● **Material for this exercise**:
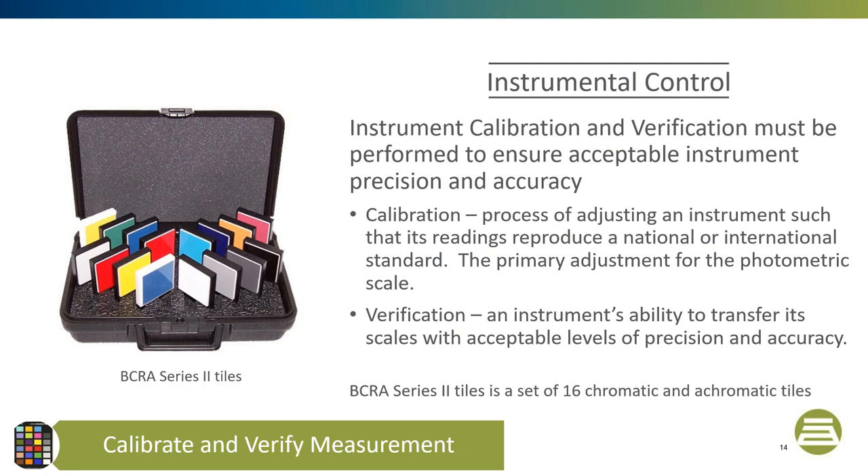Now we're going to move to instrument calibration and verification. The instrument calibration and verification must be performed to ensure acceptable instrument precision and accuracy. Most colorists calibrate their instrument by setting the spectrophotometer's light and dark range. This is done with a supplied white tile and black trap. Calibration is always done because the color software will not let you take a measurement if the spectrophotometer is out of calibration, which is good.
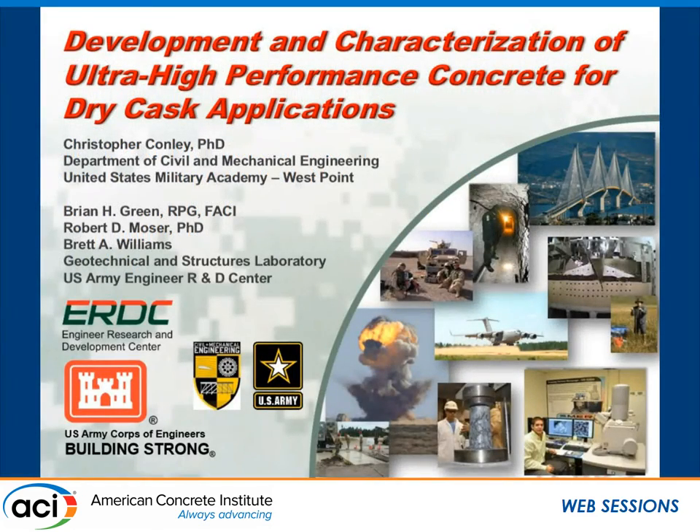Chris could not be here, so I was asked to stand in for him. This is his presentation mainly, so if there are some parts I'm a little shy on, please forgive me. Chris is a professor at our military academy at West Point. I'm at the United States Army Engineer Research Development Center in Vicksburg, Mississippi, along with Robert Moser and Brett Williams, my colleagues there. We work closely with Chris on many topics. West Point is our academy and Corps of Engineers, so we're somewhat sister organizations and work rather closely together.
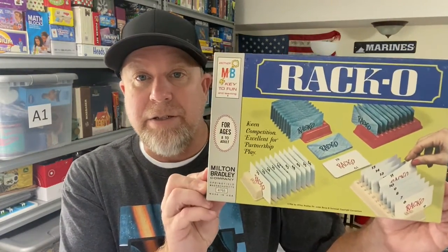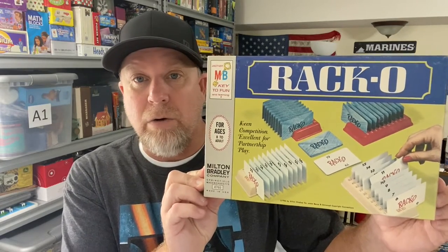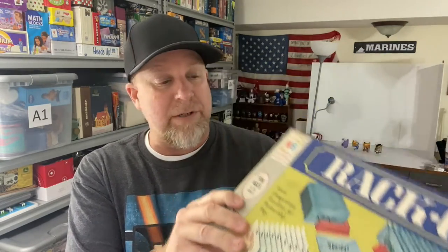This is a vintage game called Racco. Many of you out there probably remember this game. It dates back to 1966 — a very simple game, not a whole lot of contents to it, but I picked this up in a local thrift store a while back and this sold for $14.99 plus shipping.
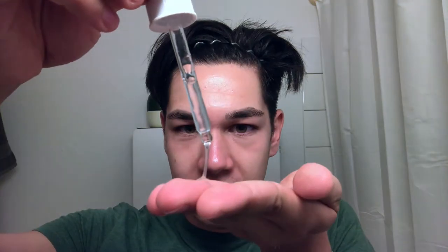After toning my skin is prepared for the serum. I use the Ordinary Serum Niacinamide 10%. Never touch the glass dropper tip on your skin.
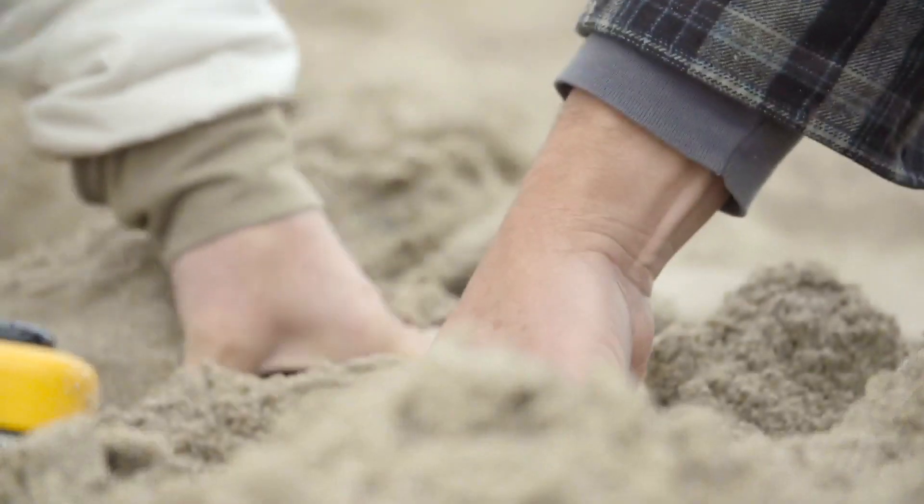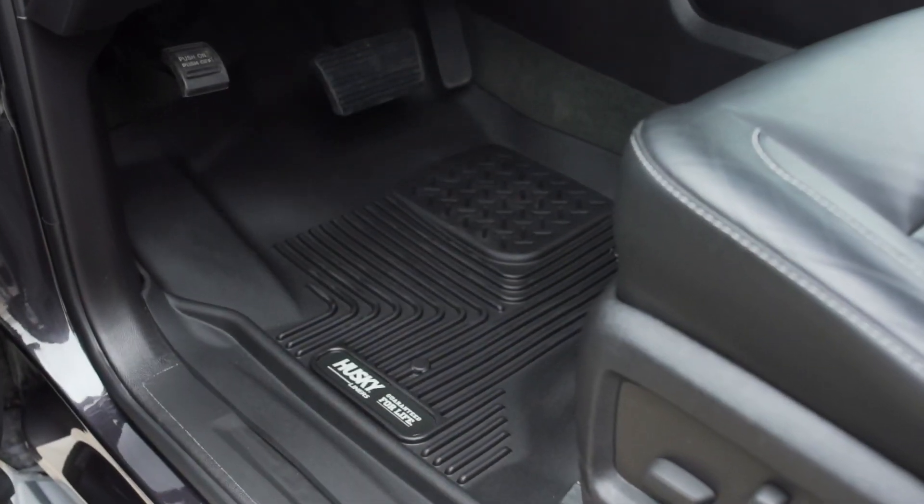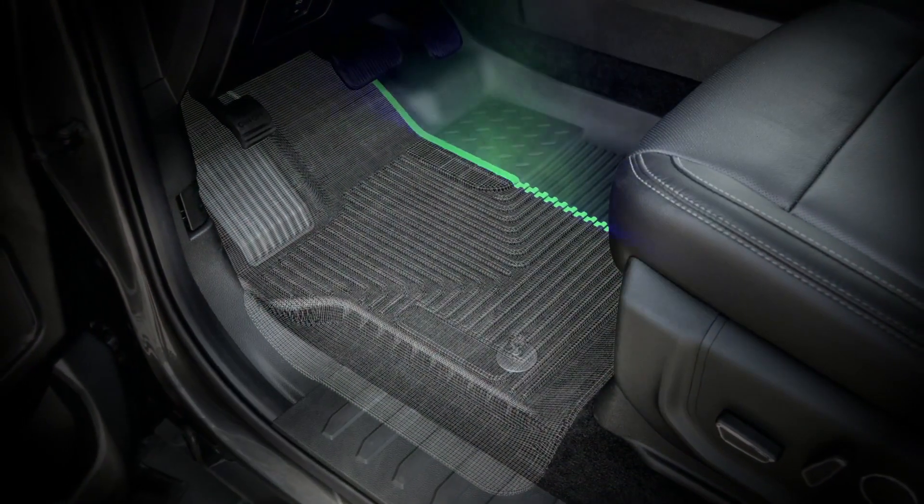There's nothing quite like a day at the beach, as long as it stays there and doesn't end up in your truck. Husky Liners exact contour floor liners provide comfort and strength and are precision measured to perfectly match the contours of your vehicle.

● **Directions**: Rewrite the data above exactly as given, but omit the images.

● **Result of the exercise**:
Now we're going to move to instrument calibration and verification. The instrument calibration and verification must be performed to ensure acceptable instrument precision and accuracy. Most colorists calibrate their instrument by setting the spectrophotometer's light and dark range. This is done with a supplied white tile and black trap. Calibration is always done because the color software will not let you take a measurement if the spectrophotometer is out of calibration, which is good.
Chris could not be here, so I was asked to stand in for him. This is his presentation mainly, so if there are some parts I'm a little shy on, please forgive me. Chris is a professor at our military academy at West Point. I'm at the United States Army Engineer Research Development Center in Vicksburg, Mississippi, along with Robert Moser and Brett Williams, my colleagues there. We work closely with Chris on many topics. West Point is our academy and Corps of Engineers, so we're somewhat sister organizations and work rather closely together.
This is a vintage game called Racco. Many of you out there probably remember this game. It dates back to 1966 — a very simple game, not a whole lot of contents to it, but I picked this up in a local thrift store a while back and this sold for $14.99 plus shipping.
After toning my skin is prepared for the serum. I use the Ordinary Serum Niacinamide 10%. Never touch the glass dropper tip on your skin.
There's nothing quite like a day at the beach, as long as it stays there and doesn't end up in your truck. Husky Liners exact contour floor liners provide comfort and strength and are precision measured to perfectly match the contours of your vehicle.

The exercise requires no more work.